The current global system of monopoly capitalism features four castes competing for access to the products of human labor and the regenerative systems of a finite living Earth.

  1. The Monopolist Caste. The shrinking caste of people who aspire to own everything.
  2. The Loyal Servants Caste. The tech and finance workers dedicated to serving the monopolists for generous pay and benefits.
  3. Essential Workers Caste. Society’s caretakers who struggle daily to pay the rent and put food on the table.
  4. The Untouchables Caste. The jobless, penniless, homeless whose existence holds the Loyal Servants and Essential Workers in line through their terror of falling into the Untouchables Caste.

Monopoly capitalism progressed through three stages as the few consolidated control of the means of living to control and exploit the many.

  • Stage 1: Monopolize Land, the source of the essential means of living on which we all depend through enclosure of the commons, foreclosure on indebtedness, low priced contacts to favored corporations to exploit public lands.
  • Stage 2: Monopolize Industry, control of machines that increase the efficiency of labor. Reducing demand for labor reduces the labor price and bargaining power, a boon to the owners of industry. The rich get richer and the poor get poorer.
  • Stage 3: Monopolize Knowledge and Money, control of intellectual property and tokens of exchange. Control of money has been at issue for a long time. But never have so many been so dependent on money to live and never has its control by private bankers and financiers with no sense of responsibility to and for the community been more complete.
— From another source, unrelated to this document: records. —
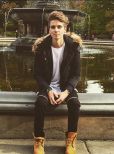 Joe Sugg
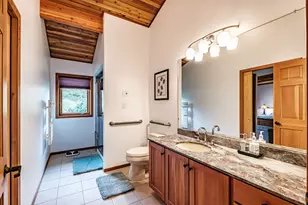 55 Muriel Ln, Bethel, ME 04217 - Photo 60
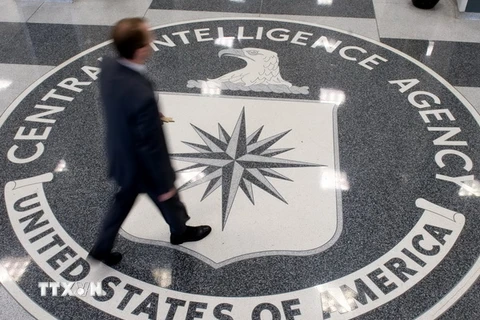 Giám đốc CIA thừa nhận chương trình tra tấn nghi can khủng bố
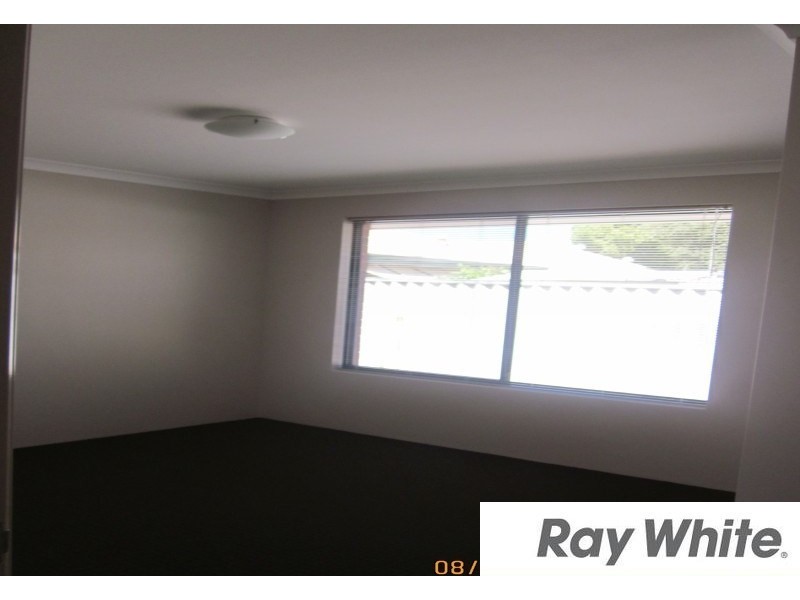 3B Little Street, Carey Park WA 6230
The rich get richer. The poor get poorer through no fault of their own. And abuse of the natural commons disrupts Earth’s ability to sustain life. Ultimately, monopoly capitalism makes everyone a loser.

As our current politics make ever more clear, political democracy depends on economic democracy. If private property is a good thing, then the ideal is a society in which everyone has some. Democracy and the wellbeing of life depend on sharing power and responsibility.

Democratic capitalism rests on cooperative worker/community ownership. Facilitating our deepening understanding of how best to define and structure the rights and responsibilities of ownership will be a major challenge of ecoʹ-nomics. Think of it as capitalism’s potential fourth stage potential creation of an awakened people.